Brown fat cells, scientifically called brown adipocytes, play a crucial role in regulating body temperature by transforming calorie-dense nutrients into heat. This mechanism helps prevent excessive weight gain and reduces the risk of metabolic diseases. An international research team, led by Professor Alexander Bartelt from the Institute for Cardiovascular Prevention (IPEK), has uncovered a new process that boosts the respiration and metabolic functions of these brown fat cells. The researchers are optimistic that this finding will pave the way for innovative strategies to leverage brown fat in the fight against metabolic disorders. Their findings were recently published in The EMBO Journal.
Brown fat cells combat fat reserves
Activating these fat-burning cells helps individuals lose weight. In colder temperatures, brown adipocytes derive their energy from stored fat, as thermogenesis—heat production—demands a significant calorie expenditure. “Individuals who regularly expose their bodies to cold conditions tend to be slimmer and are less susceptible to diabetes and heart diseases,” states Bartelt. Brown fat cells contain a high number of mitochondria, which are essential for cellular respiration.

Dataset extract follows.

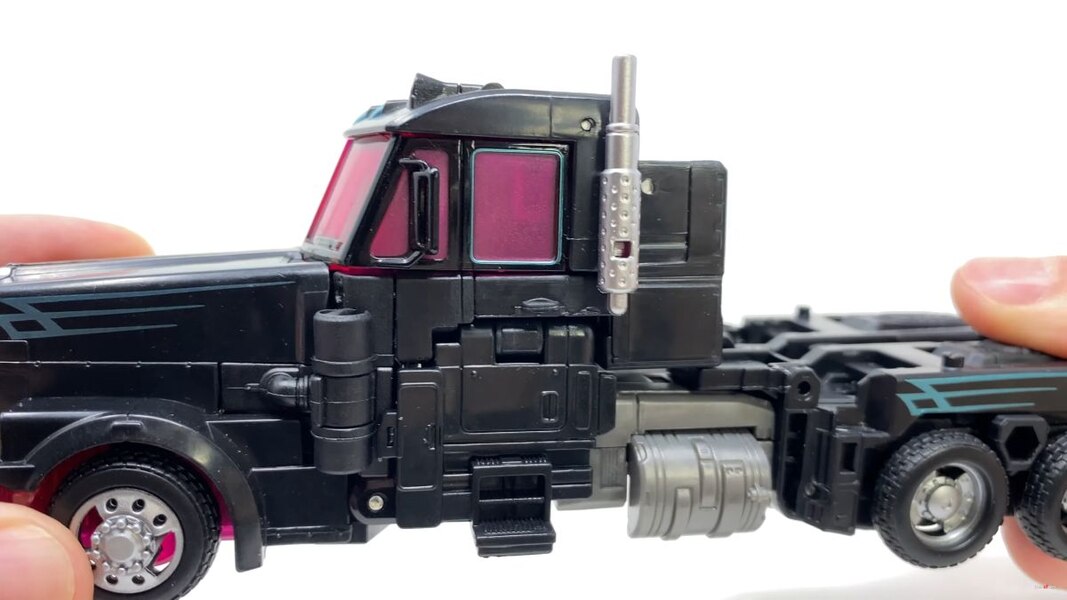 Transformers Legacy Velocitron SCOURGE BLACK CONVOY Image  (24 of 38)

However, the mechanisms through which brown fat cells enhance metabolism are still not fully understood, hindering the development of new treatments.

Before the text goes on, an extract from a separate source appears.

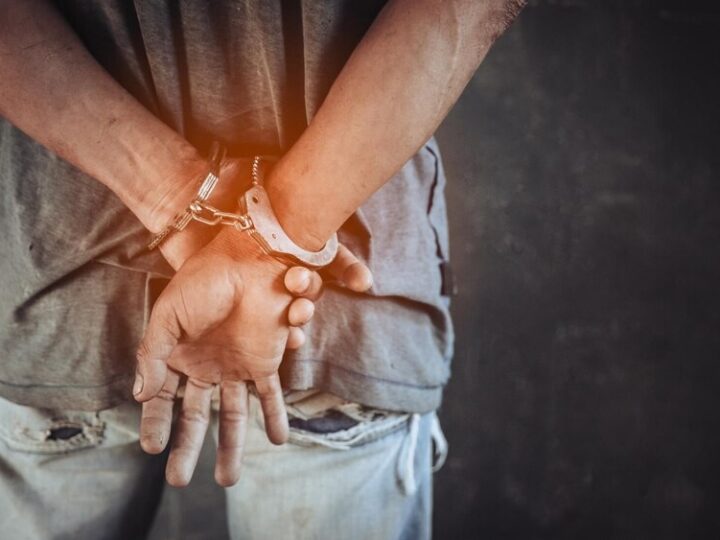 Mężczyzna zatrzymany za kradzież mięsa z pracy, grozi mu 5 lat więzienia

Cold triggers heat production
The key to the function of brown fat cells lies in a protein called uncoupling protein-1, which enables the generation of heat instead of ATP, the usual product of cellular respiration. Bartelt notes, “The elevated metabolic activity of brown fat cells likely also affects ATP production,” leading them to postulate that this activity is influenced by temperature. In collaboration with Brazilian colleagues from São Paulo, the researchers discovered “inhibitory factor 1,” a protein that ensures ATP production is prioritized over thermogenesis. As temperatures drop, levels of inhibitory factor 1 decrease, allowing thermogenesis to occur. When this factor is artificially raised, it hinders the activation of brown fat in cooler environments.
These results were obtained through studies involving isolated mitochondria, cultured cells, and animal models. “While we have identified a significant piece of the thermogenesis puzzle, we are still a long way from clinical applications,” explains Dr. Henver Brunetta, who was part of the research team. The authors suggest that many individuals underutilize their brown fat, leading to its inactivity. This new research indicates that there are molecular switches available that can enhance the function of mitochondria in brown fat cells. Bartelt and his team plan to further investigate this discovery. “Ideally, our findings will guide us toward methods to also restore the efficiency of mitochondria in white fat cells, which most people have in abundance, if not excess,” concludes Bartelt.